In December 2020, the United Nations Educations, Scientific, and Cultural Organization (UNESCO) added 35 new entries from around the world to its cultural heritage list.
The goal of UNESCO is to protect historical sites and cultural practices from all across the world, helping to preserve traditions that are passed down from generation to generation. The cultural practices include food, music, dances, rituals, language, indigenous knowledge, and more.
A few that made the 2020 list include the art of glass bead making in Italy and France, the Budima warrior dance in Zambia, the culture of saunas in Finland, the tradition of playing the hunting horn in France, Italy, Belgium, and Luxembourg, and couscous as a favorite in Moroccan households.
Let us explore three other cultures that made the list in detail and what makes them significant.
A Love for Sourdough-Making
Malta is an archipelago of three islands in the Mediterranean Sea, off the coast of Italy. One of its culinary traditions is the art of making a traditional bread known locally as ftira -- it consists of a thick, crunchy crust and a light, fluffy interior.
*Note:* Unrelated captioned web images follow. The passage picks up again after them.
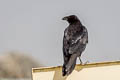 Punjab Raven Corvus corax subcorax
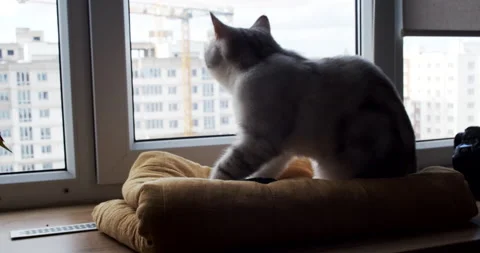 A cat arranges its place on a duvet by the window, slow motion. Stock Footage 146257595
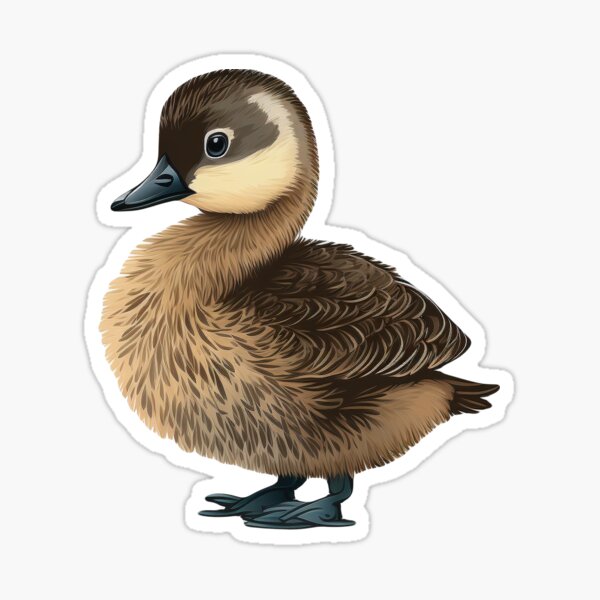 Illustrated Native Bird Stickers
Since the 16th century, the ftira has been a crucial part of the Maltese culture and eaten in numerous events, such as festivals and family gatherings.
Every year, the Maltese city of Qormi, also known as Casal Fornaro, organizes a cultural event celebrating the ftira culture. The delicious bread is filled with ingredients such as olive oil, tomato, tuna, and capers, enhancing the overall taste experience and surely making anyone’s mouth water with just one bite.
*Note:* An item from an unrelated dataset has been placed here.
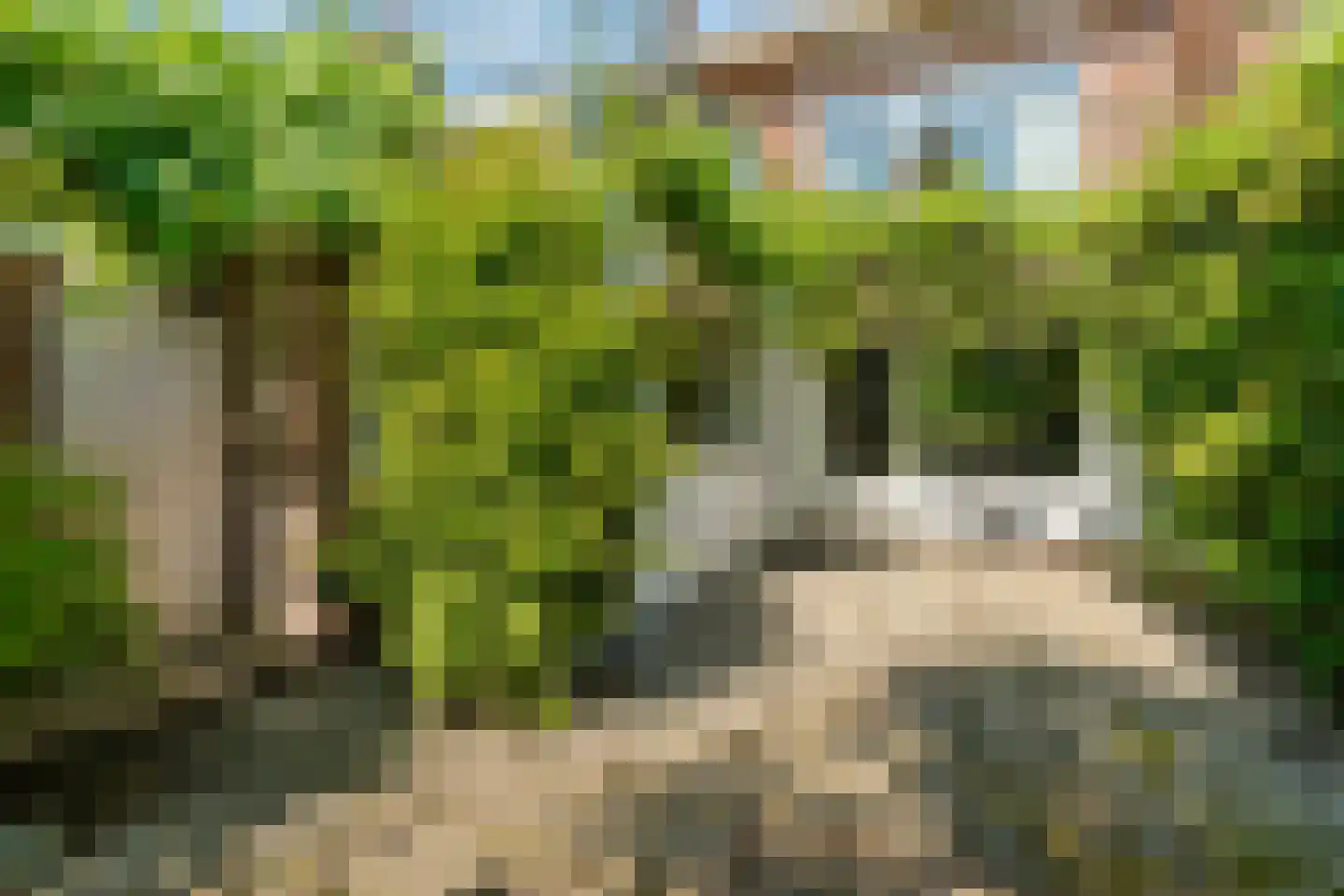 Sterreschansweg 36 Nijmegen thumbnail 49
Pantun: A Form of Expression
In both Malaysia and Indonesia, there is a popular oral tradition known as pantun. Pantun is a four-line verse to help express one’s thoughts and emotions.
Pantun has a history of over 500 years in the region, and it is a form of identity, cultural expression, as well as a way to honor ancestors. While the first two verses of the poem incorporate elements from nature or the environment, the final two lines teach listeners moral values or lessons, such as the importance of humility and respect. Through education, festival events, performances, and even competitions, the oral practice of pantun continues to be spread and passed down from one generation to another.
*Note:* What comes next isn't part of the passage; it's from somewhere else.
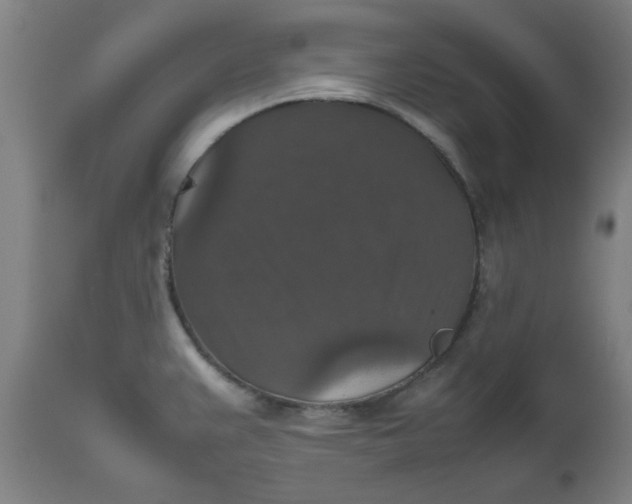 X0000112471383200909071123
Japanese Architecture Preserves Culture
Traditionally, most of Japan’s buildings were constructed of wood, due to the large abundance of forests in the region.
As time went on, many traditional Japanese shrines, temples, and houses increasingly needed reparation and fortification to be preserved against natural disasters and old age.
In Japan, a set of seventeen different techniques and skills allows for craftsmen to help restore Japanese structures as well as build new ones, all from natural materials. Such knowledge and procedures are extremely necessary, and they have even helped to preserve one of the world’s most ancient wooden buildings, the Horyu-ji temple, dating back to the seventh century (601 AD- 700 AD).
The ftira baking tradition in Malta, the oral tradition of pantuns in Malaysia and Indonesia, and the architecture craft in Japan are just three of the many, fascinating examples of traditions from around the world-- that unify and bring people together.